Occasionally, the values of the time series in a small number of periods may be particularly unusual. For example, the monthly air passenger traffic may be affected by an industrial dispute, making the traffic during the dispute different from usual. The classical method is not robust to these kinds of unusual values.

4 X11 decomposition

Another popular method for decomposing quarterly and monthly data is the X11 method which originated in the US Census Bureau and Statistics Canada
Includes many extra steps and features in order to overcome the drawbacks of classical decomposition
- trend-cycle estimates are available for all time periods
- seasonal component is allowed to vary slowly over time
- highly robust to outliers and level shifts in the time series
It has sophisticated methods for handling trading day variation, holiday effects and the effects of known predictors
Handles both additive and multiplicative decomposition
The X11 method is available using the seas() function from the seasonal package

Code

births.comp.x11 <- seas(births.ts, x11 = "")
autoplot(births.comp.x11) + 
  labs(x = "Year",
       title = "Example of X11 decomposition")

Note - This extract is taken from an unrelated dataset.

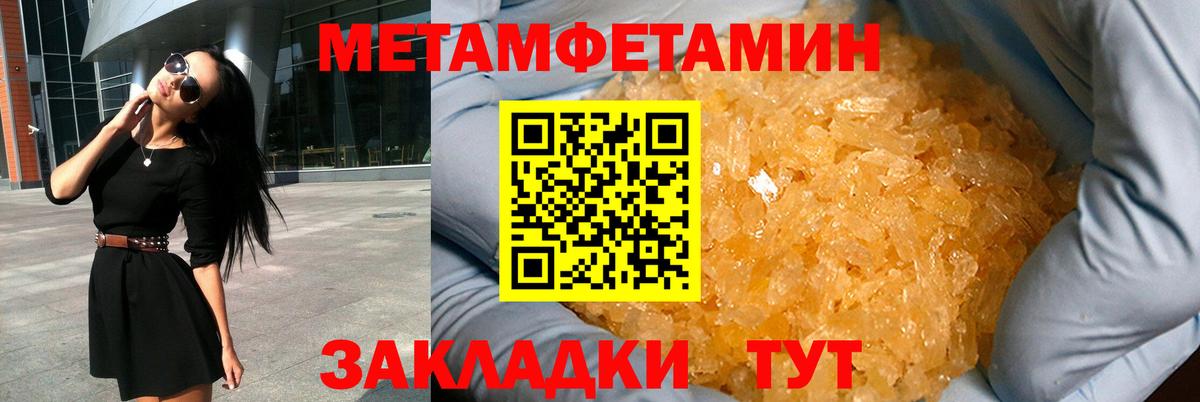 АМФЕТАМИН 97% Кимры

Given the output from the seas() function, we can use
- seasonal() to extract the seasonal component
- trendcycle() to extract the trend-cycle component
- remainder() to extract the remainder component
- seasadj() to extraxt the seasonally adjusted time series
The following code chunk will plot the original series together with the trend component and the seasonally adjusted series

Code

autoplot(births.ts, series="Original series") +
  autolayer(trendcycle(births.comp.x11), series="Trend") + 
  autolayer(seasadj(births.comp.x11), series="Seasonally adjusted series") + 
  labs(x = "Year",
       y = "Number of births per month",
       title = "X11 decomposition of the number of births per month")

Code

AP.comp.x11 <- seas(AP, x11 = "")
autoplot(AP, series="Original series") +
  autolayer(trendcycle(AP.comp.x11), series="Trend") + 
  autolayer(seasadj(AP.comp.x11), series="Seasonally adjusted series") + 
  labs(x = "Year",
       y = "Number of paseengers",
       title = "X11 decomposition of the number of passengers per month")

5 SEATS decomposition

“SEATS” stands for “Seasonal Extraction in ARIMA Time Series”
Works only with quarterly and monthly data
Uses the same functions to extract the components and the seasonally adjusted series

Code

AP.comp.seats <- seas(AP)
autoplot(AP.comp.seats) + 
  labs(x = "Year",
       title = "Example of SEATS decomposition")

6 STL decomposition

STL (“Seasonal and Trend decomposition using Loess”) is a versatile and robust method for decomposing time series
Loess is a method for estimating nonlinear relationships
STL has several advantages over the classical, SEATS and X11 decomposition methods
- Unlike SEATS and X11, STL will handle any type of seasonality, not only monthly and quarterly data
- The seasonal component is allowed to change over time, and the rate of change can be controlled by the user
- The smoothness of the trend-cycle can also be controlled by the user
- It can be robust to outliers (occasional unusual observations will not affect the estimates of the trend-cycle and seasonal components but can affect the remainder component)
It can not handle trading day or calendar variation automatically, and it only provides facilities for additive decomposition
It is possible to obtain a multiplicative decomposition by first taking logarithms of the data, then back-transforming the components
Decompositions between additive and multiplicative can be obtained using a Box-Cox transformation of the data with 0 < \lambda <1
- A value of \lambda=0 corresponds to the multiplicative decomposition
- A value of \lambda=1 corresponds to the additive decomposition
The two main parameters to be chosen when using STL are the trend-cycle window (t.window) and the seasonal window (s.window)
- t.window is the number of consecutive observations to be used when estimating the trend-cycle
- s.window is the number of consecutive years to be used in estimating each value in the seasonal component
- These control how rapidly the trend-cycle and seasonal components can change
- Smaller values allow for more rapid changes
- Both must be odd numbers
- The user must specify s.window as there is no default
- Specifying t.window is optional, and a default value will be used if it is omitted
Use the same functions as with X11 and SEATS methods to extract the components

Code

births.comp.stl <- stl(births.ts, s.window="periodic")
autoplot(births.comp.stl) +
  labs(x = "Year",
       title = "Example of STL decomposition")